[Start of Attachment]
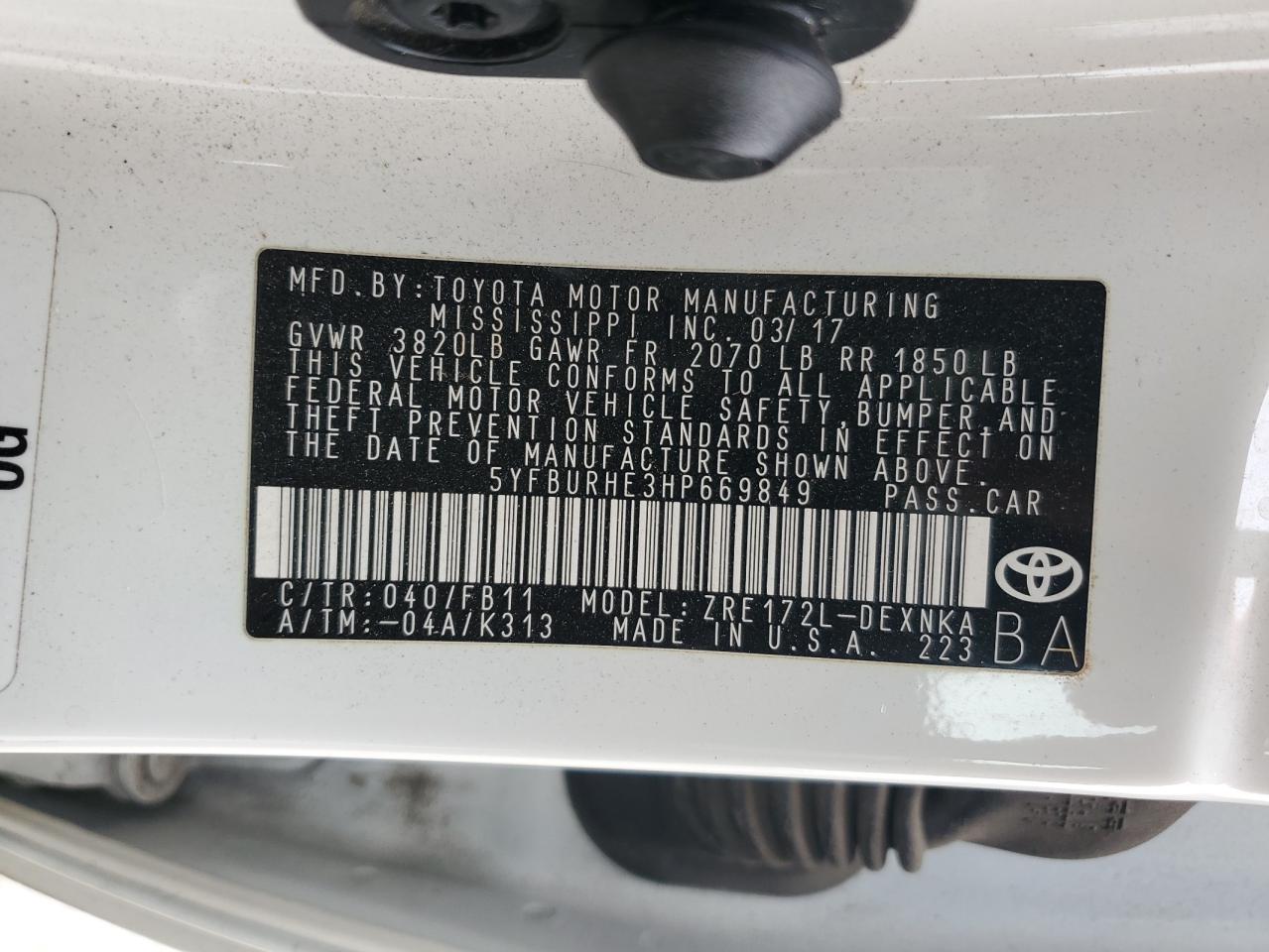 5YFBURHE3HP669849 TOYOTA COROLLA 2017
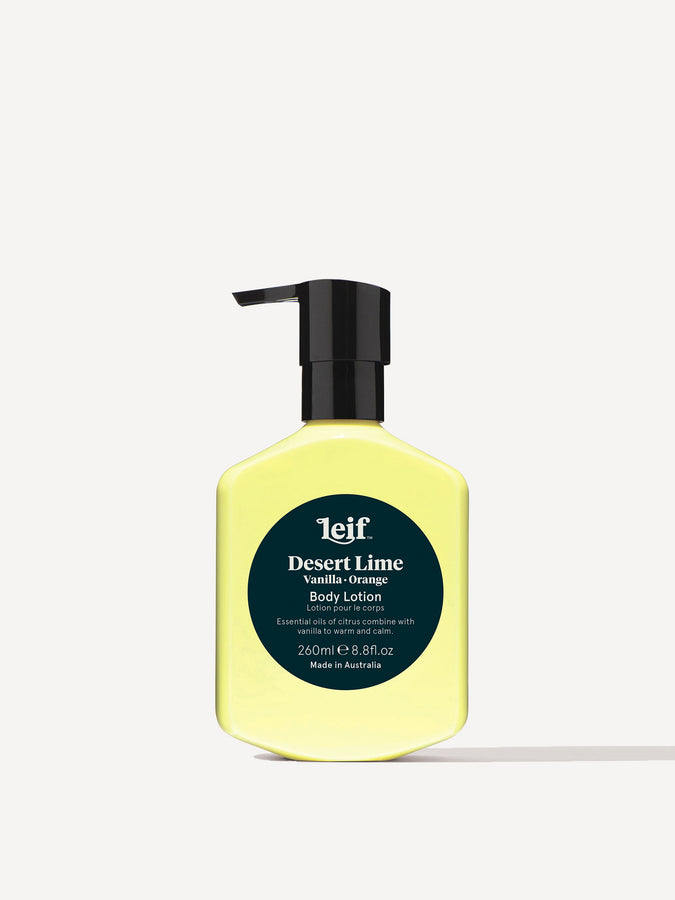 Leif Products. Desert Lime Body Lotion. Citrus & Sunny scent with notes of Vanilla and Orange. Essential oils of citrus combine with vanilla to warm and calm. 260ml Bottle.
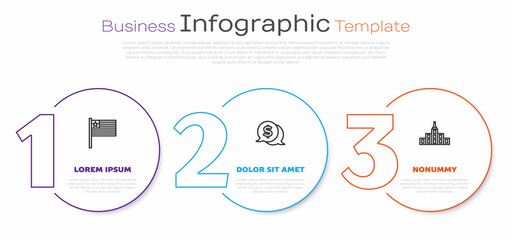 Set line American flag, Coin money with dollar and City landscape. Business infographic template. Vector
[End of Attachment]
Print the material verbatim; drop the pictures.

◆ EXPECTED OUTPUT ◆
 5YFBURHE3HP669849 TOYOTA COROLLA 2017
 Leif Products. Desert Lime Body Lotion. Citrus & Sunny scent with notes of Vanilla and Orange. Essential oils of citrus combine with vanilla to warm and calm. 260ml Bottle.
 Set line American flag, Coin money with dollar and City landscape. Business infographic template. Vector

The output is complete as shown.